Library Name:
lib_io.a
Introduction:
The I/O library contains one very important class: Signal Object
File (Sof). Sophisticated file formats are an essential part of
speech research since we often augment the raw speech data with
auxiliary information such as the recording conditions, annotations,
etc. An Sof file is nothing more than an index, which provides
information about the location of each object stored in the file,
and the corresponding object data. Sof transparently supports two
basic storage formats: text (useful for building human readable
files such as parameter files) and binary (useful for sampled data).
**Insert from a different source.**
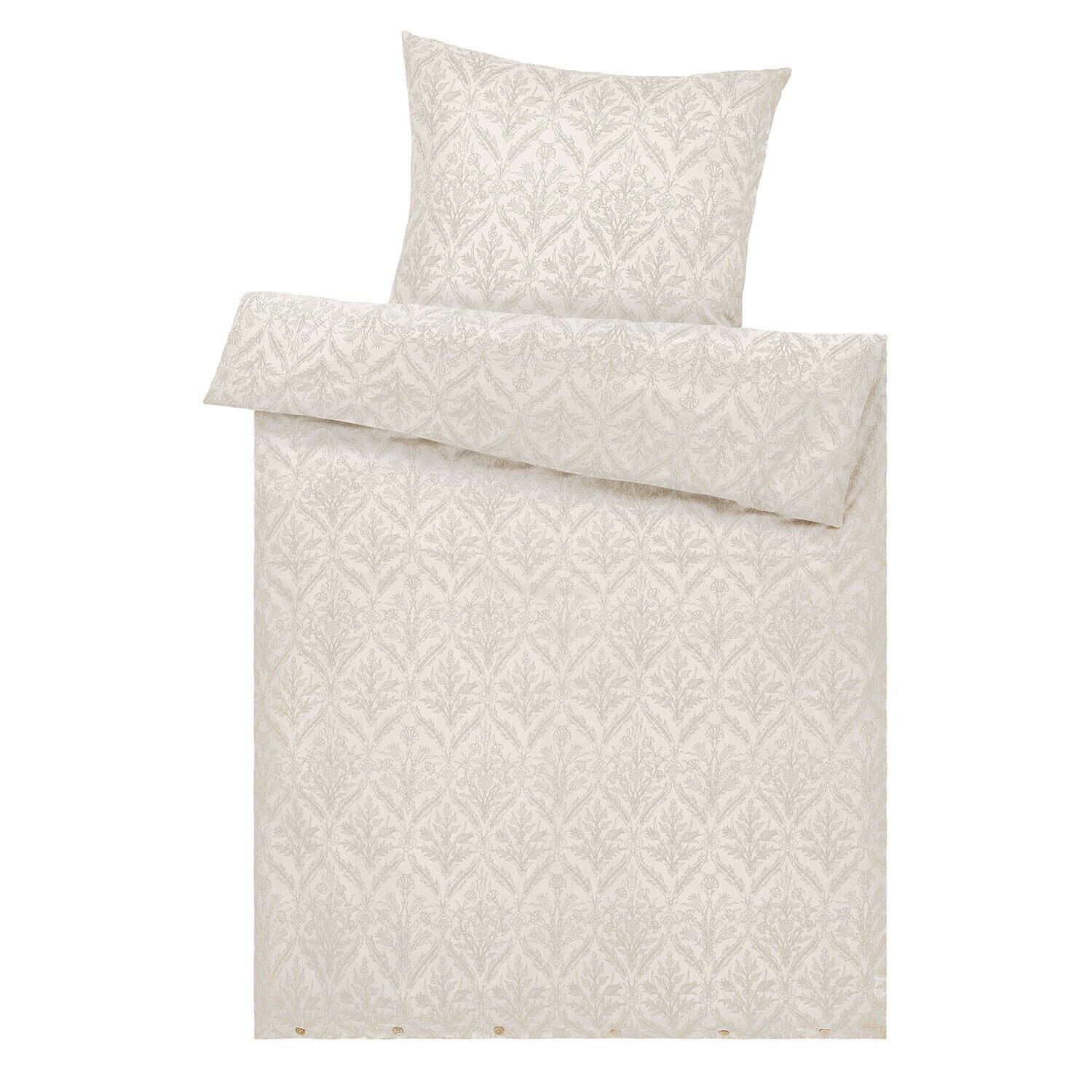 Biancheria da letto Jardin Royale Lenzuola in cotone color crema con delicato motivo vegetale, morbide ed eleganti per la camera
Sof also transparently converts binary data between different
architectures by performing the appropriate byte transformations as
needed.
Example 1:
@ Sof v1.0 @
@ Long 0 @
value = 13;
@ Long 1 @
value = 27;
@ Long 32 @
value = -2812;
|
An example of a very simple Sof file is shown to the right.
The first line is the Sof file header. For a text file, it consists
solely of the keyword Sof and a version number wrapped in the
user-specified delimiter character. Whatever delimiter character is
specified in the header will be used throughout the file.
The third line of the file is an example of an object header.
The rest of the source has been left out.